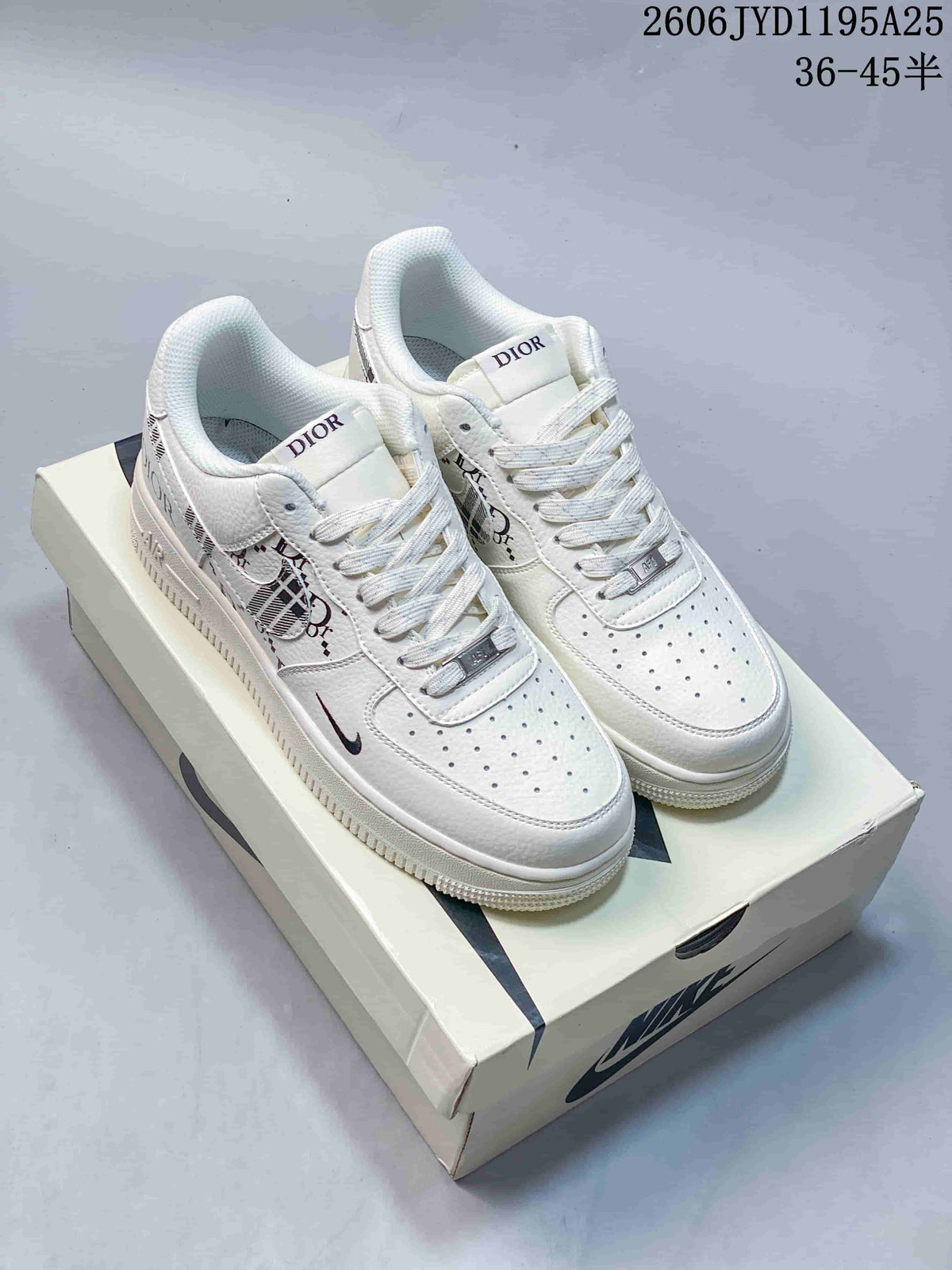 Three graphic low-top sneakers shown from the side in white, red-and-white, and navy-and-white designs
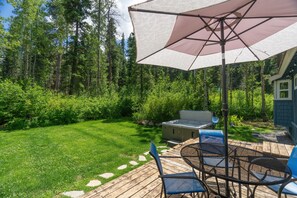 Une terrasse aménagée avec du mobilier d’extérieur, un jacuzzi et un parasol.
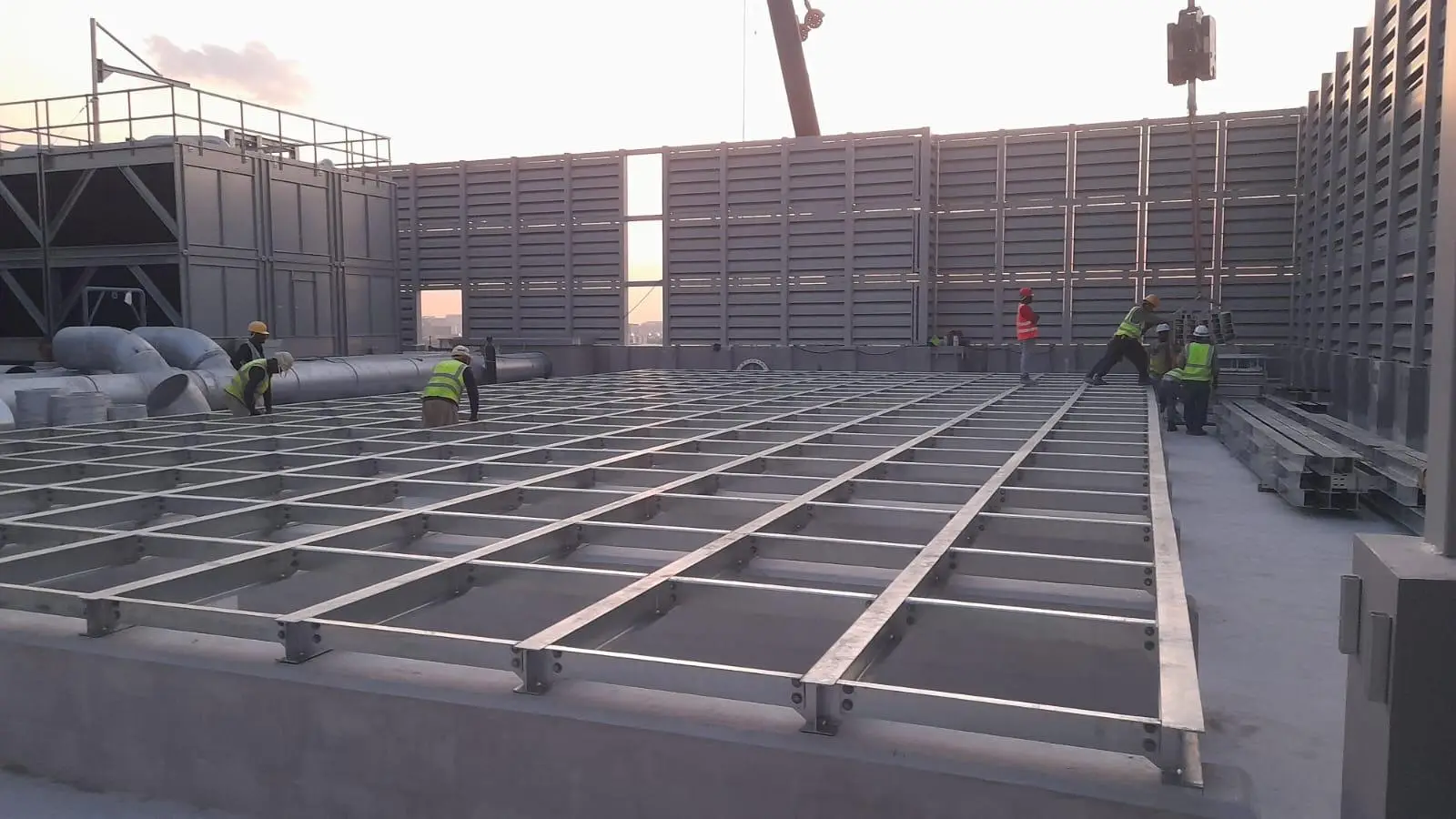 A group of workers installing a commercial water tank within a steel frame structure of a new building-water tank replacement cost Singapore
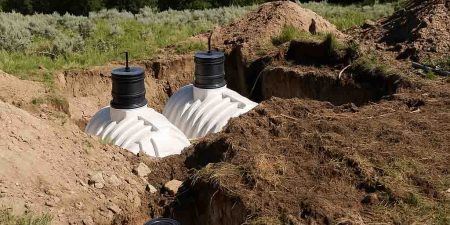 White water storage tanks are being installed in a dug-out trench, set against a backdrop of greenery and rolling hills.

▶ [TRY IT] A word-for-word retyping of the material above is expected, without pictures.

▶ [RESULT OF THE TASK]
 Three graphic low-top sneakers shown from the side in white, red-and-white, and navy-and-white designs
 Une terrasse aménagée avec du mobilier d’extérieur, un jacuzzi et un parasol.
 A group of workers installing a commercial water tank within a steel frame structure of a new building-water tank replacement cost Singapore
 White water storage tanks are being installed in a dug-out trench, set against a backdrop of greenery and rolling hills.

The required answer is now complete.